- Born: 8 April 1964 (age 62)
- Writing career
- Genre: historical fiction
- Notable works: The Mathematics of Love (2006) A Secret Alchemy (2008)

= Emma Darwin (novelist) =

English author

Emma L. Darwin (born 8 April 1964) is an English historical fiction author, writer of the novels The Mathematics of Love (2006) and A Secret Alchemy (2008) and various short stories. She is the great-great-granddaughter of Charles and Emma Darwin.

==Biography==
Darwin was born and brought up in London. Her father was Henry Galton Darwin, a lawyer in the Foreign Office, son of Sir Charles Galton Darwin, grandson of Sir George Darwin, and great-grandson of Charles Darwin. Her mother Jane (née Christie), an English teacher, was the younger daughter of John Traill Christie. Darwin has two sisters; Carola and Sophia. Due to the parents' work, the family spent three years commuting between London and Brussels. The family spent many holidays on the Essex/Suffolk border, where much of her novel The Mathematics of Love is set. Darwin has lamented that any reviews of her work inevitably include references to her family background.

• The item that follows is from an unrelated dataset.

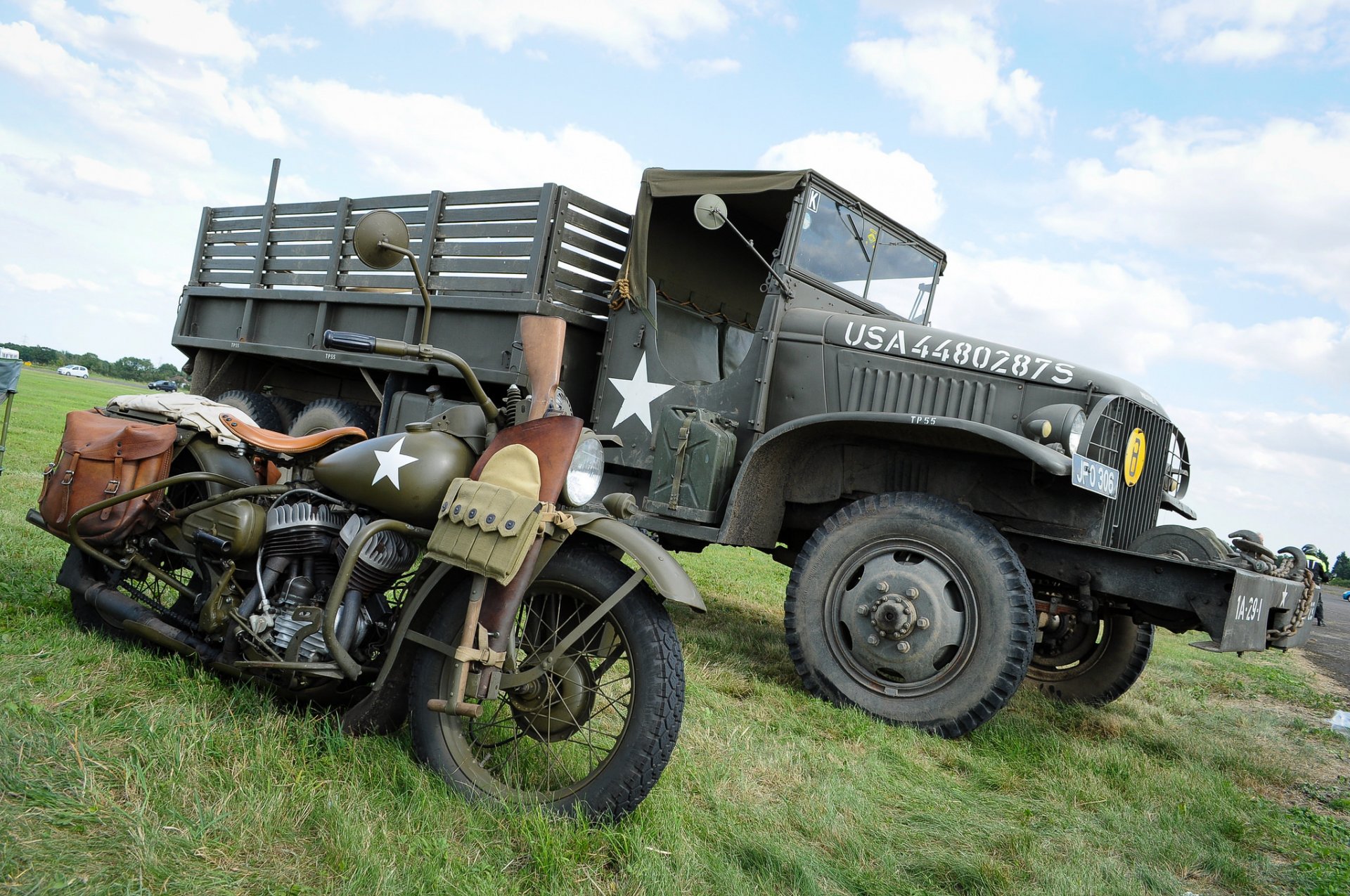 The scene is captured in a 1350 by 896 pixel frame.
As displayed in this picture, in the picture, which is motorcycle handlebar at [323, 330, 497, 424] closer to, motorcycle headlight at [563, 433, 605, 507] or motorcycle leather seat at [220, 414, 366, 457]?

She read Drama at the University of Birmingham, and she spent some years in academic publishing. But when she had two small children, she started writing again, and eventually earned an MPhil in Writing at the University of Glamorgan (now the University of South Wales), where her tutor was novelist and poet Christopher Meredith. The novel she wrote for the degree became The Mathematics of Love, which was sold to Headline Review, as the first of a two-book deal. Meanwhile, she had found the form of a research degree so fruitful that she completed a PhD in Creative Writing at Goldsmiths' College in 2010, where her supervisor was Maura Dooley. Darwin now lives with her children in South East London.

The Mathematics of Love was shortlisted for the Commonwealth Writers Best First Book Award for the Europe and South Asia region.

In 2006, her short story Maura's Arm as awarded 3rd place in the Bridport Prize. Previously her story, Closing Time had been longlisted for the 2005 Bridport Prize. She also was highly commended for Nunc Dimittis in the Cadenza Magazine Competition March 2005. Her short story Russian Tea was 2004 Phillip Good Memorial Prize Runner Up, and was included in the 2006 Fish Short Histories Prize anthology.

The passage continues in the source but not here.